Using the data below, restate exactly every line from the one with "Felfújható kajak 4-osobowy" up to and including the one with "Fossil Boyfriend Chronograph". No picture belongs in it.

(Input records)
──────────────────────────────

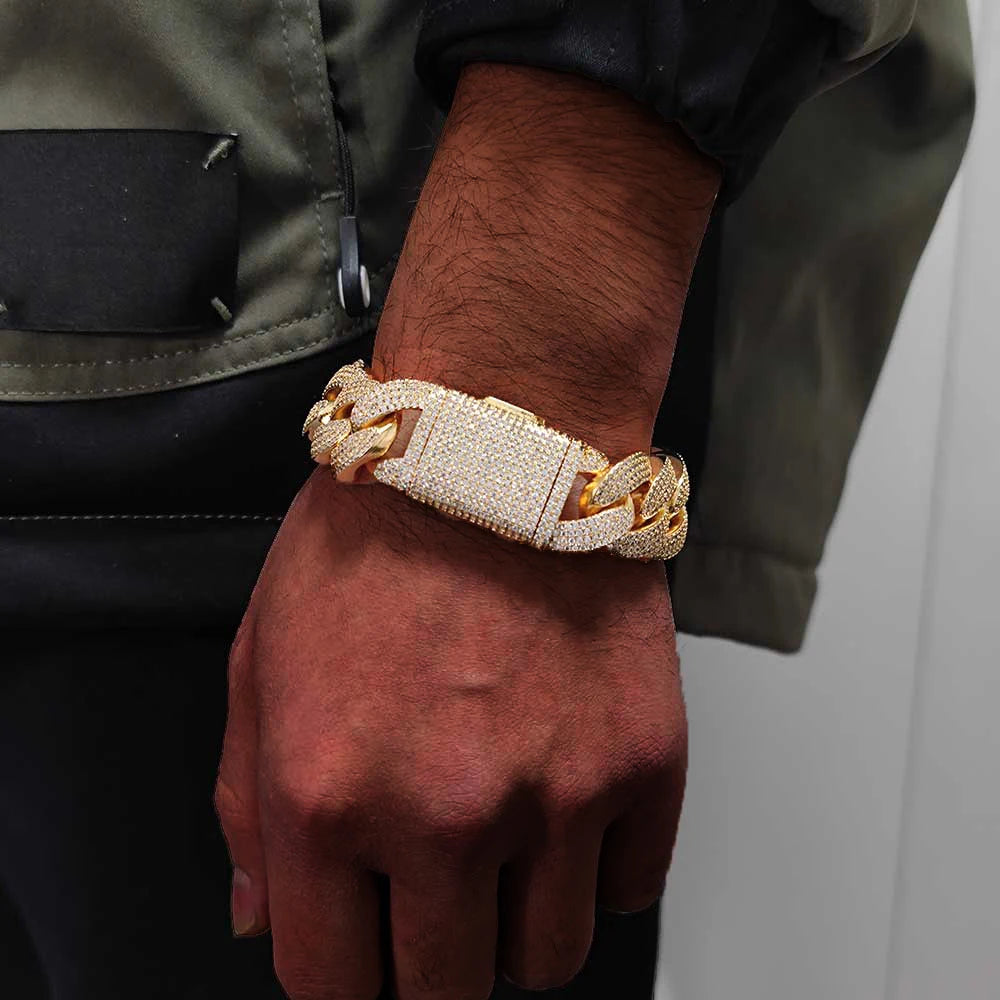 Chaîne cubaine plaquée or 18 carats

──────────────────────────────

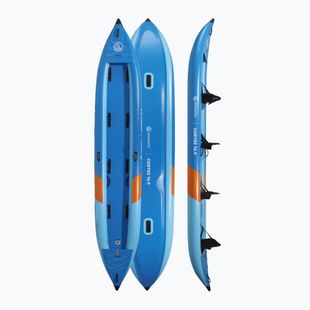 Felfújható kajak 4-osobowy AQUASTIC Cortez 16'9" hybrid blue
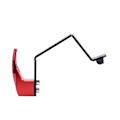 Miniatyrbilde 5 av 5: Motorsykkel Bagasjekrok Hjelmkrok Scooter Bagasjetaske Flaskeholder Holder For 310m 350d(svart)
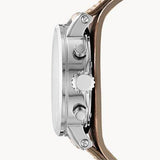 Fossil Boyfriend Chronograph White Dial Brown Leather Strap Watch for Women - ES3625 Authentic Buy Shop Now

──────────────────────────────

(Result for this exercise)
 Felfújható kajak 4-osobowy AQUASTIC Cortez 16'9" hybrid blue
 Miniatyrbilde 5 av 5: Motorsykkel Bagasjekrok Hjelmkrok Scooter Bagasjetaske Flaskeholder Holder For 310m 350d(svart)
 Fossil Boyfriend Chronograph White Dial Brown Leather Strap Watch for Women - ES3625 Authentic Buy Shop Now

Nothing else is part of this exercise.